Bug #64967 Under load conditions, all the four NDB Cluster DATA NODES went down
Submitted: 13 Apr 2012 8:23 Modified: 1 Jul 2012 19:29
Reporter: Swarup Sengupta Email Updates:
Status: No Feedback Impact on me:
None 
Category:MySQL Cluster: Cluster (NDB) storage engine Severity:S1 (Critical)
Version:mysql-5.1.56 ndb-7.1.18 OS:Linux
Assigned to: CPU Architecture:Any

[13 Apr 2012 8:23] Swarup Sengupta
Description:
PROBLEM : 
We have a MySQL cluster solution (mysql-5.1.56 ndb-7.1.18) consisting of 2 Servers (24 Core, 2.93 Ghz,  64 GB of RAM, 1Gb/s eth) with 4 Data Nodes  and 2 management server Nodes. The network Bandwidth is 1Gb/s.
 
Under load conditions, all the four NDB Cluster DATA NODES went down. The IP traffic for the load condition was at 120 Mb/s for both servers.

Error Summary

[MgmtServer (Node 1 and 2)] : Forced node shutdown completed. Caused by error 2315: 'Node declared dead. See error log for details(Arbitration error). Temporary error, restart node'

[Node 3 - Nodegroup - 0]Forced node shutdown completed. Caused by error 2305: 'Node lost connection to other nodes and can not form a unpartitioned cluster, please investigate if there are error(s) on other

[Node 4 - Nodegroup - 1]Forced node shutdown completed. Caused by error 2315: 'Node declared dead. See error log for details(Arbitration error). Temporary error, restart node'.

[Node 5 - Nodegroup - 0]Forced node shutdown completed. Caused by error 2305: 'Node lost connection to other nodes and can not form a unpartitioned cluster, please investigate if there are error(s) on other node(s)(Arbitration error). Temporary error, restart node'.

[Node 6 - Nodegroup - 1]Forced node shutdown completed. Caused by error 2315: 'Node declared dead. See error log for details(Arbitration error).
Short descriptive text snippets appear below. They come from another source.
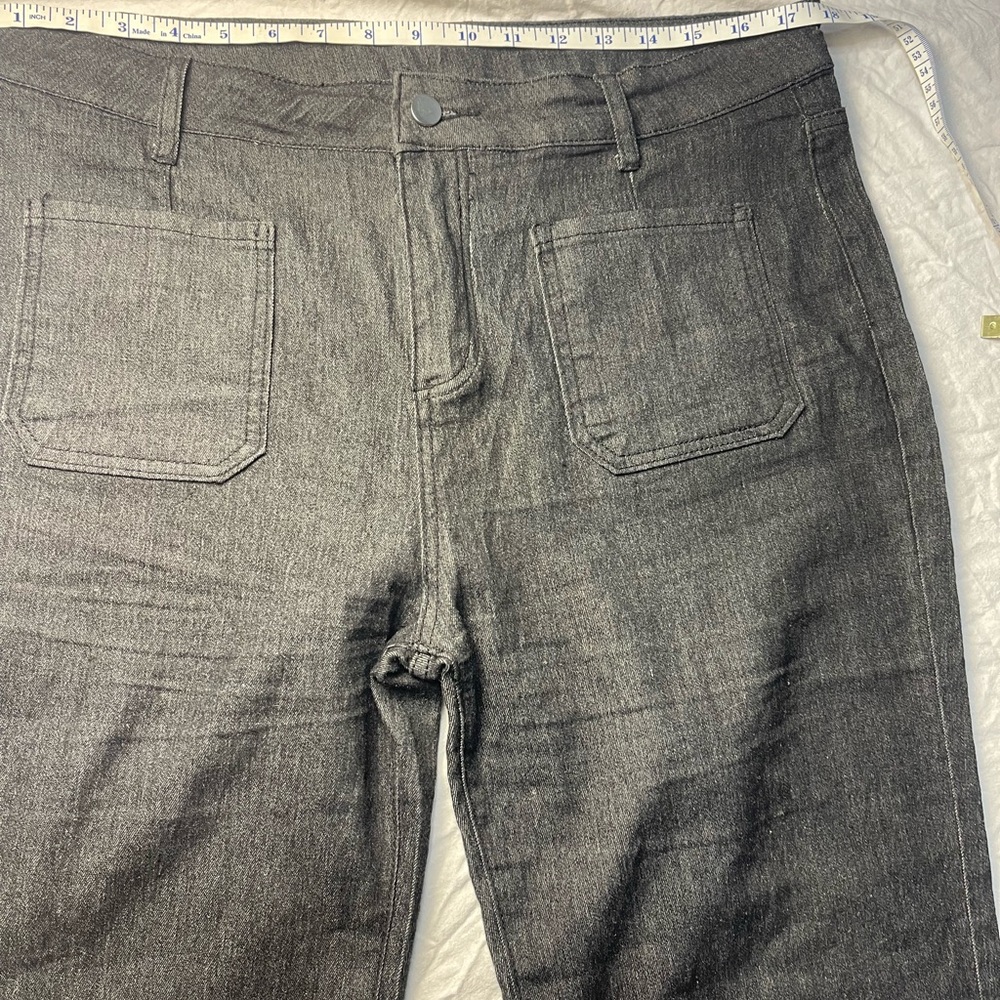 Gray Boyfriend Jeans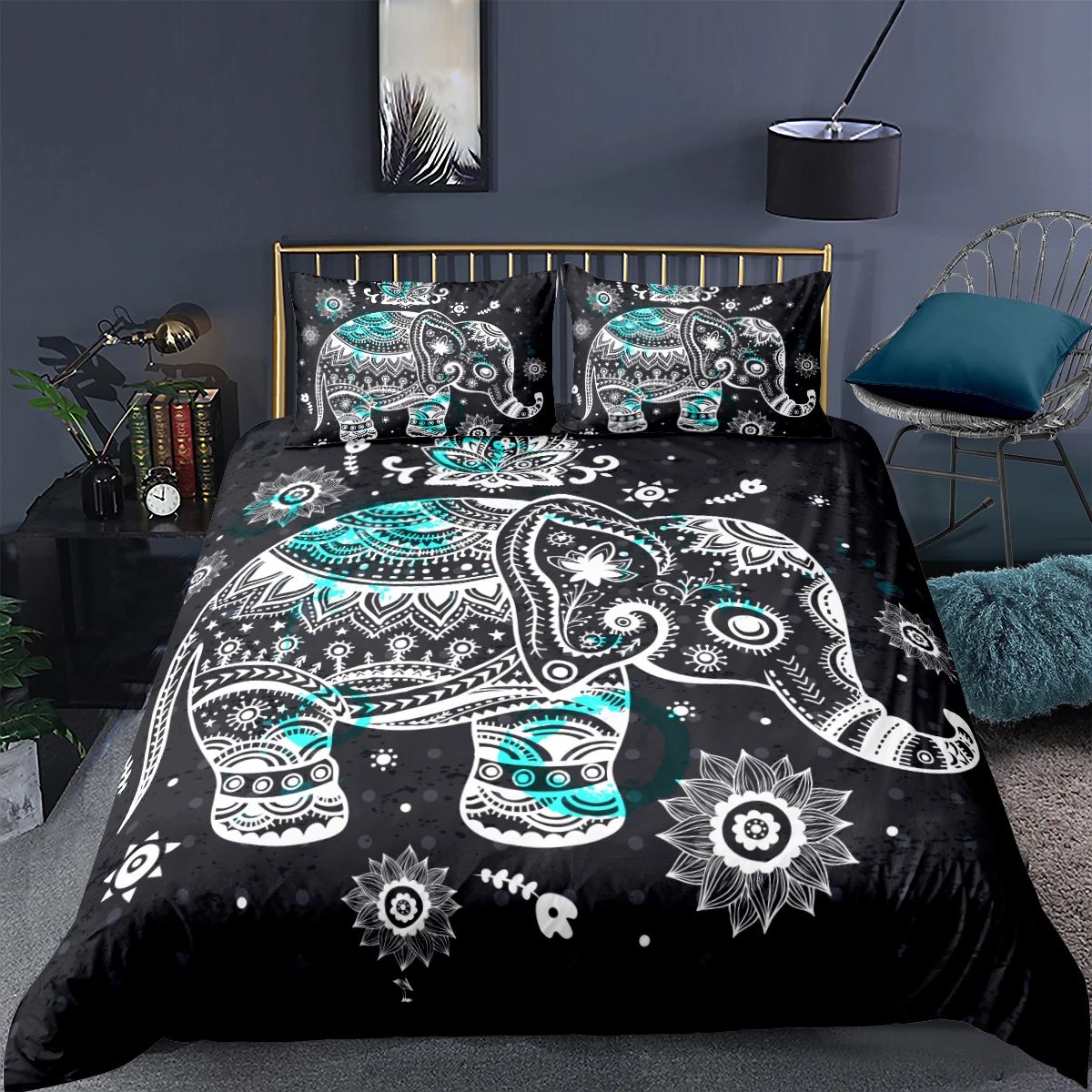 3D Duvet Cover Sets Elephant Animal Quilt Covers Comforter Case Set Bedding Set Queen Full Twin Double Single Size Bed Linens
3D Duvet Cover Sets Elephant Animal Quilt Covers Comforter Case Set Bedding Set Queen Full Twin Double Single Size Bed Linens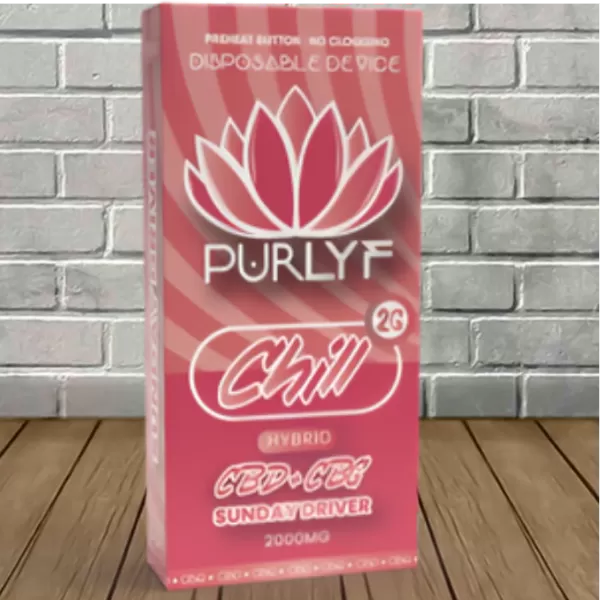 Purlyf Targeted CBD Disposable 2g Best Price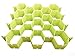 Zoie + Chloe Zoie + Chloe 18-Compartment Honeycomb Drawer Divider Organizer - Underwear Socks Bras Ties Belts Scarves - Image 2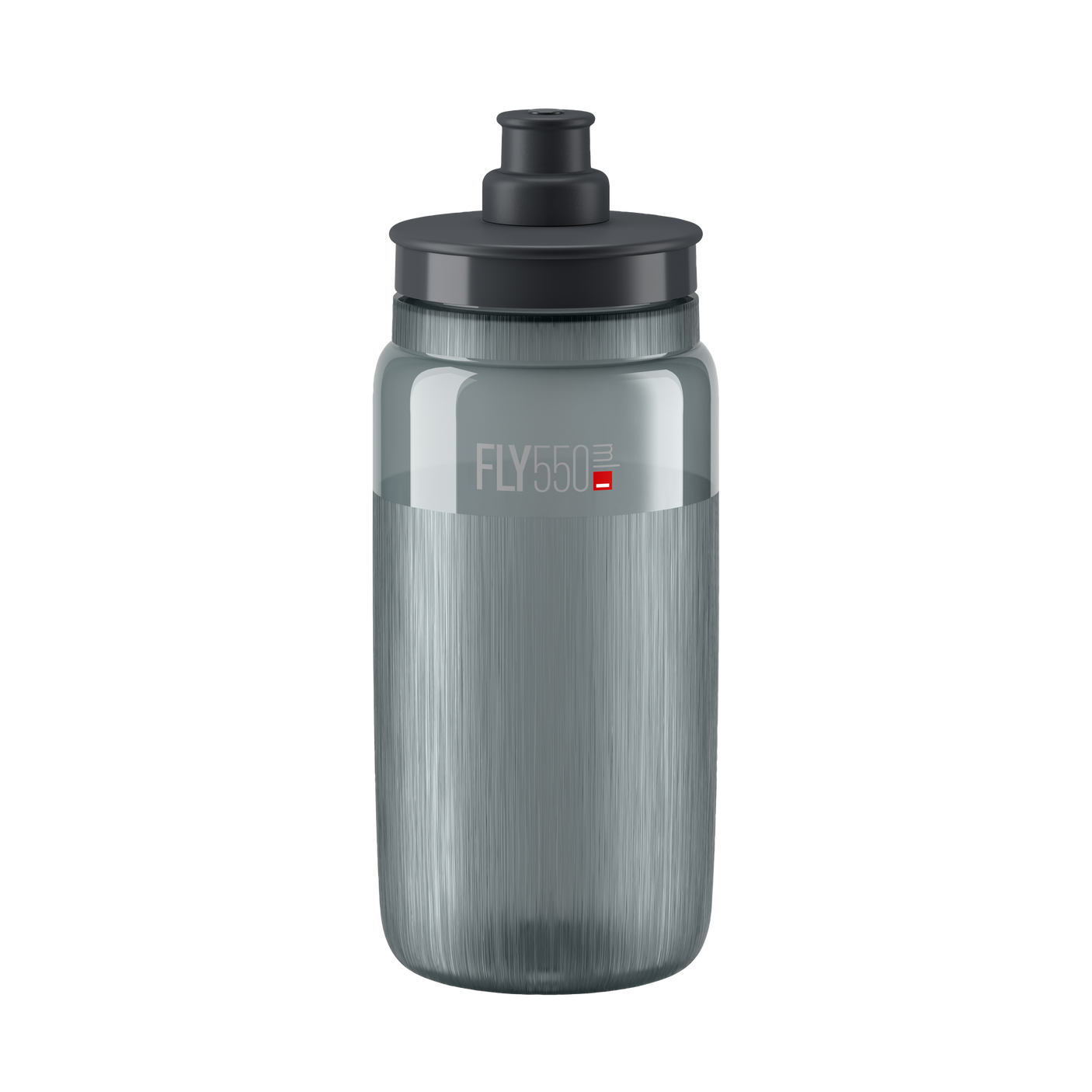 Elite Fly Tex drinkfles 550ml rookgrijs transparant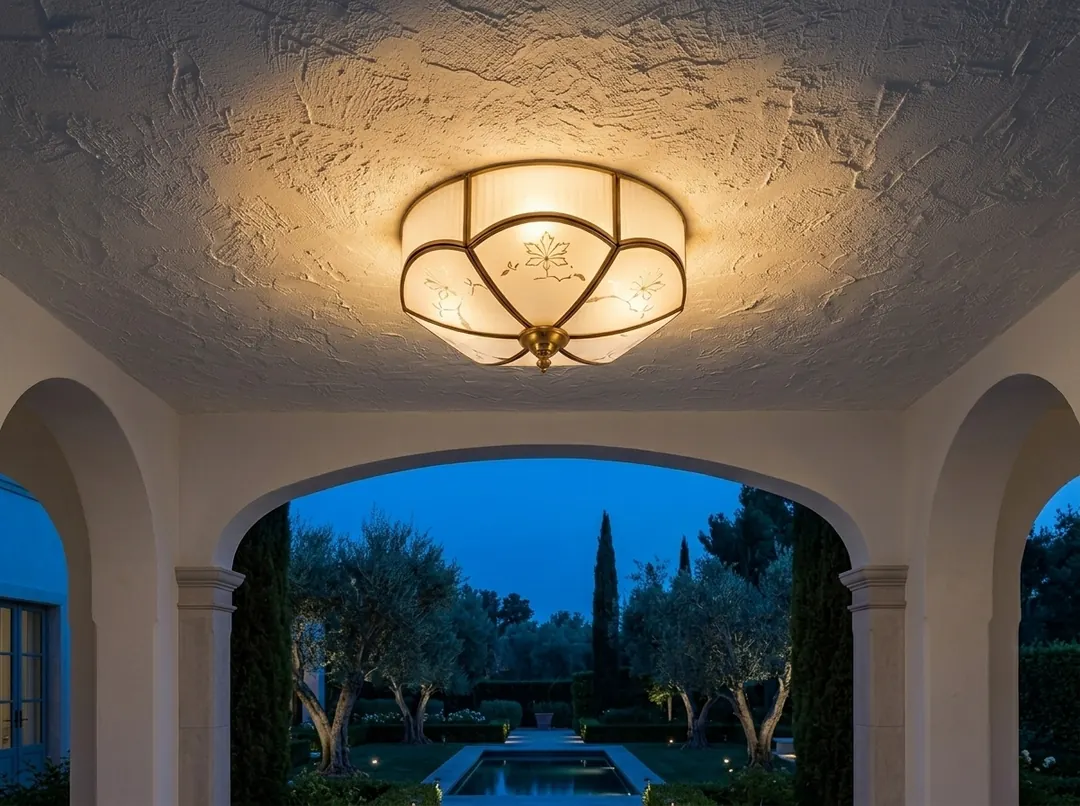 brass-flush-mount-ceiling-light-loggia-close-up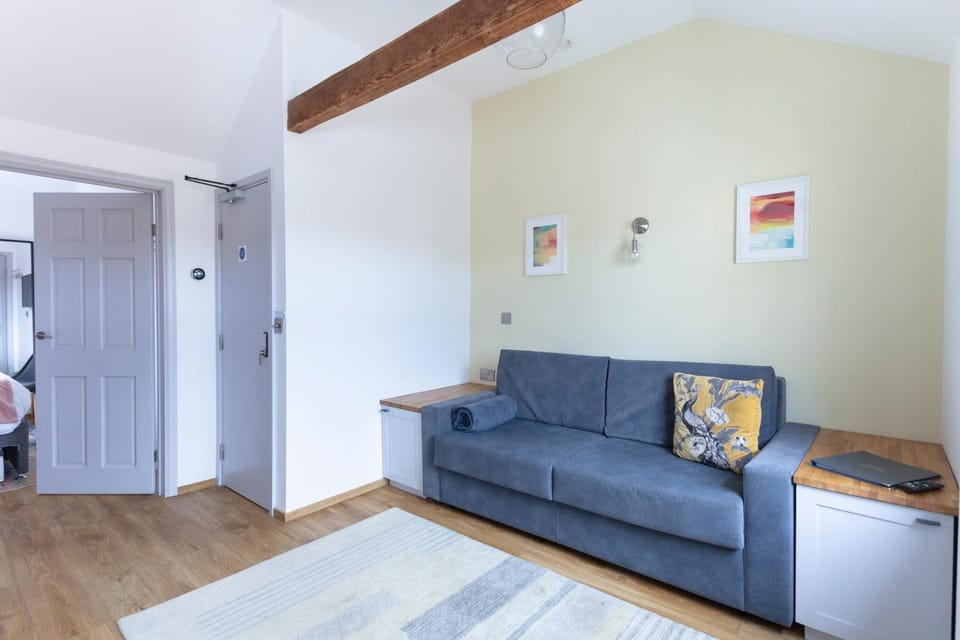 Apartment 5 at Number 8: 1 bedroom, sofa bed in lounge, kitchenette & walk-in shower Apartment in Canterbury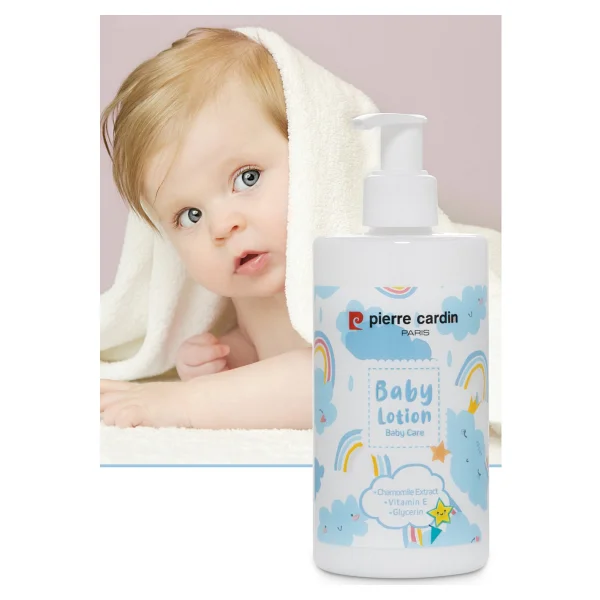 Pierre Cardin Bebek Vücut Losyonu 350 Ml - Görsel 6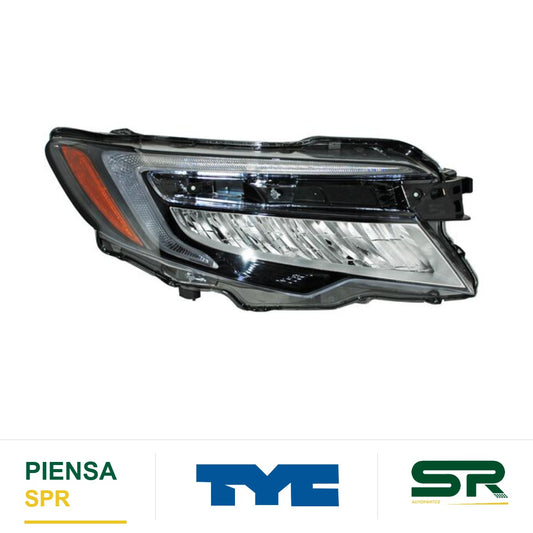 FARO DERECHO LED HONDA PILOT 2019-2022 S TYC2 G15 TYC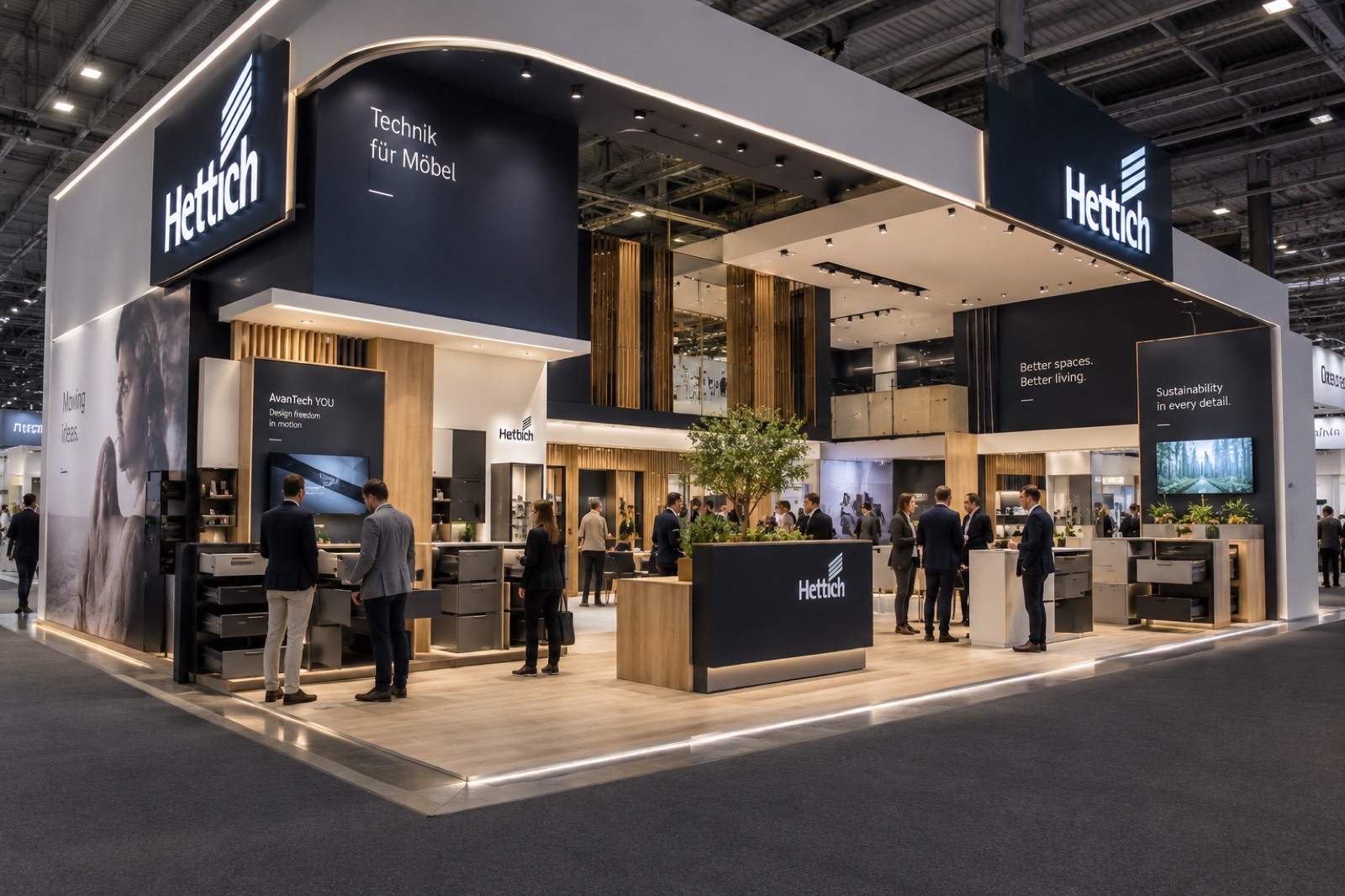 Hettich America — Messestände, Las Vegas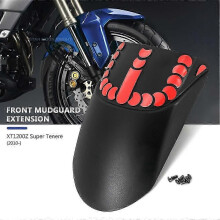 Motorcycle Front Mudguard Fender Rear Extender for Compatible Brands 2010 - Yamaha XTZ1200 XTZ 1200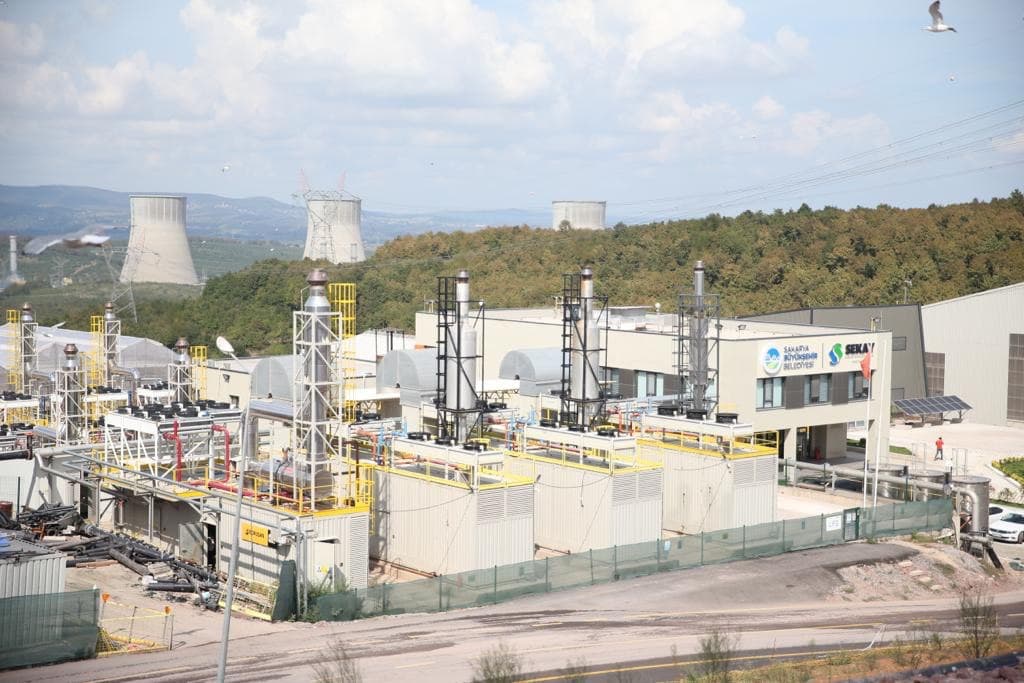 Çöpler SEKAY ile elektriğe dönüşüyor 339 bin 449 ton katı atıktan 80 milyon kilovat enerji üretimi
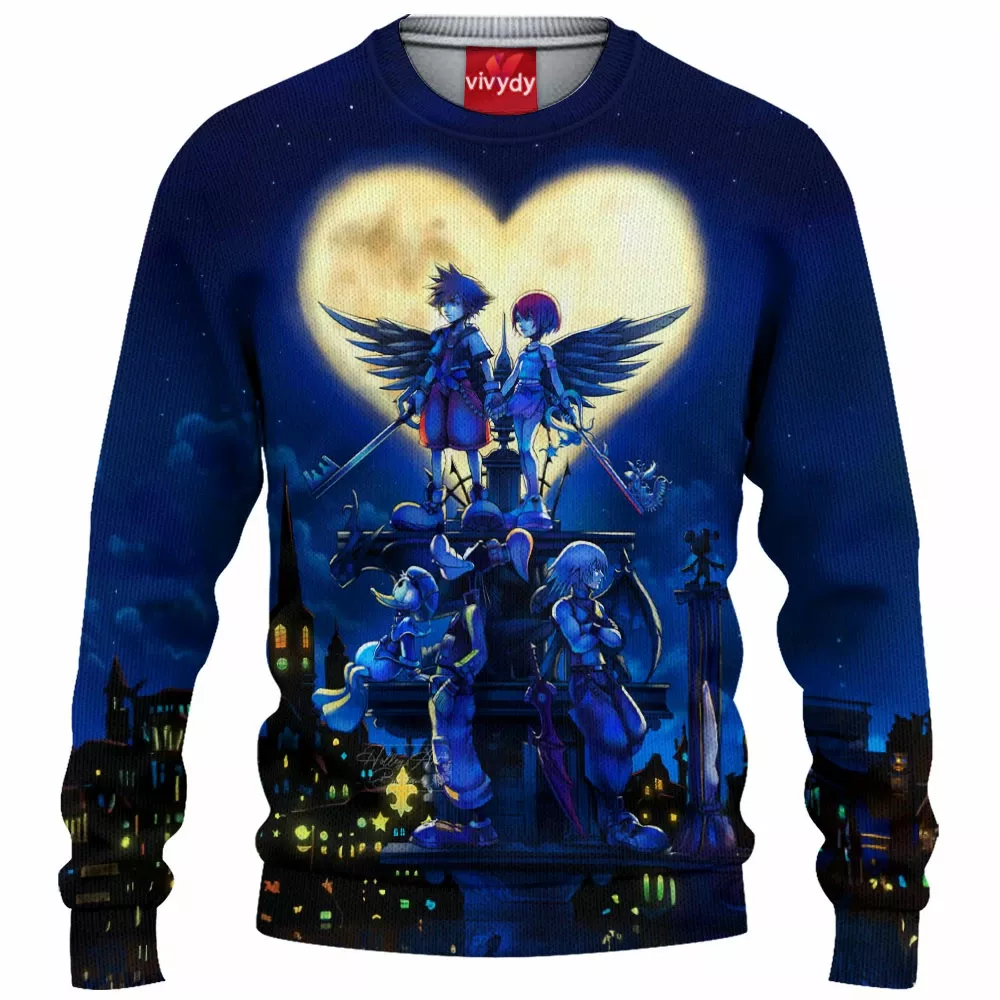 Kingdom Hearts Knitted Sweater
Temporary error, restart node'.

Please check the error and provide us with the insight of why this happened and how the same can be prevented.

How to repeat:
The error occured in aforesaid load condition
[13 Apr 2012 8:23] Swarup Sengupta
Management Server 1 log

Attachment: ndb_1_cluster.log (application/octet-stream, text), 28.52 KiB.

[13 Apr 2012 8:24] Swarup Sengupta
Mgmt server 1 out file

Attachment: ndb_1_out.log (application/octet-stream, text), 1.17 KiB.

[13 Apr 2012 8:27] Swarup Sengupta
Management Server 2 log

Attachment: ndb_2_cluster.log (application/octet-stream, text), 52.14 KiB.

[13 Apr 2012 8:27] Swarup Sengupta
Mgmt server 2 out file

Attachment: ndb_2_out.log (application/octet-stream, text), 884 bytes.

[13 Apr 2012 8:28] Swarup Sengupta
conf.ini

Attachment: config.ini (application/octet-stream, text), 3.13 KiB.

[13 Apr 2012 8:31] Swarup Sengupta
Logs for Data Nodes

Attachment: log nodewise.txt (text/plain), 4.93 KiB.

[1 Jun 2012 19:29] Sveta Smirnova
Thank you for the report.

Please send us all trace and error logs from all nodes: archive which creates ndb_error_reporter

Please also check if you don't have OS limits for network connections and RAM usage for every node.
[2 Jul 2012 1:00] Bugs System
No feedback was provided for this bug for over a month, so it is
being suspended automatically. If you are able to provide the
information that was originally requested, please do so and change
the status of the bug back to "Open".